Novartis va finalement investir 150 millions de francs à Prangins d'ici à 2020, 110 millions de plus que prévu au moment du plan de sauvetage de la fabrique de médicament vendus sans ordonnance. Le site emploie actuellement 730 personnes, soit 80 de plus qu'il y a 18 mois, au moment où le groupe pharmaceutique bâlois annonçait vouloir cesser la production en terres vaudoises. C'est peu dire que la solution trouvée entre le canton, l'entreprise et les employés pour rendre cette usine rentable à long terme constitue un succès. Grâce au partenariat social, le résultat final dépasse toutes les attentes, comme l'a souligné le chef du Département fédéral de l'économie Johann Schneider-Ammann. Bien sûr, chacun a dû faire des concessions, mais tout le monde y trouve son compte à la fin.

La nouvelle de Novartis est tombée le même jour (jeudi dernier) que l'inauguration officielle de son nouveau site de Mex par le fabricant de machines Bobst.

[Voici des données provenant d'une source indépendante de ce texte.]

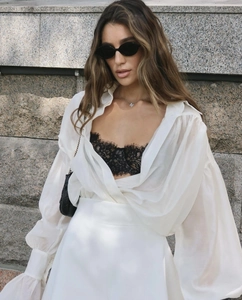 Detailed texture of a white sheer chiffon long sleeve shirt with black lace bralette top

Là aussi, l'entreprise, les employés et le canton ont dû s'assoir autour d'une même table pour chercher le meilleur moyen d'assurer la pérennité des activités sur la durée. Là, la société n'a pas pu éviter des licenciements, en raison de la baisse de la demande de ces dernières années, du franc fort ainsi que de la nécessité de se réorganiser pour mieux se profiler sur les marchés asiatiques. Mais grâce à un soutien bien compris de l'Etat en faveur de la formation des apprentis (on en compte 250 à Mex!), l'entreprise aborde l'avenir avec une santé retrouvée.

Quelques semaines plus tôt – c'était à la fin mars – Nestlé "vernissait" aussi, à Orbe, une nouvelle unité: un centre de technologie pour les capsules et les machines. On y apprenait que le groupe a créé pas moins de 650 emplois en dix ans sur ce site, pour y porter ses effectifs à 1500 personnes. Des dizaines d'entreprises locales y ont participé à plusieurs gros chantiers.

Pourquoi ces exemples? Parce qu'ils illustrent le bon fonctionnement de notre économie, de nos institutions et de notre manière d'élaborer des solutions en cas de difficultés. Nestlé et Orbe sont la vitrine du dynamisme de la région, aussi dans l'industrie. Novartis et Bobst montrent qu'il n'y a pas de fatalité.

Mais il faut pouvoir disposer d'une marge de manœuvre pour trouver des solutions et pour être dynamique! Le partenariat social ne peut pas être encadré par des règles qui ont pour objectif de brider les entreprises. Si les idées comme celles développées dans l'initiative 1:12, qui veut limiter le salaire le plus haut dans une entreprise à douze fois le salaire le plus bas, ou celle exigeant un salaire minimum à 4000 francs passaient la rampe en votation, notre pays glisserait peu à peu sur la voie du dirigisme. Le partenariat social en prendrait en coup.  

Novartis, Bobst et Nestlé nous montrent que le système actuel fonctionne. Que se passe-t-il en France, championne des acquis sociaux aussi rigides qu'intouchables? Elle se désindustrialise à la vitesse grand V. Juste à côté, notre canton parvient à préserver son secteur secondaire et son savoir-faire, et même à les renouveler. Vouloir imiter les recettes destructrices de nos voisins serait une grave erreur!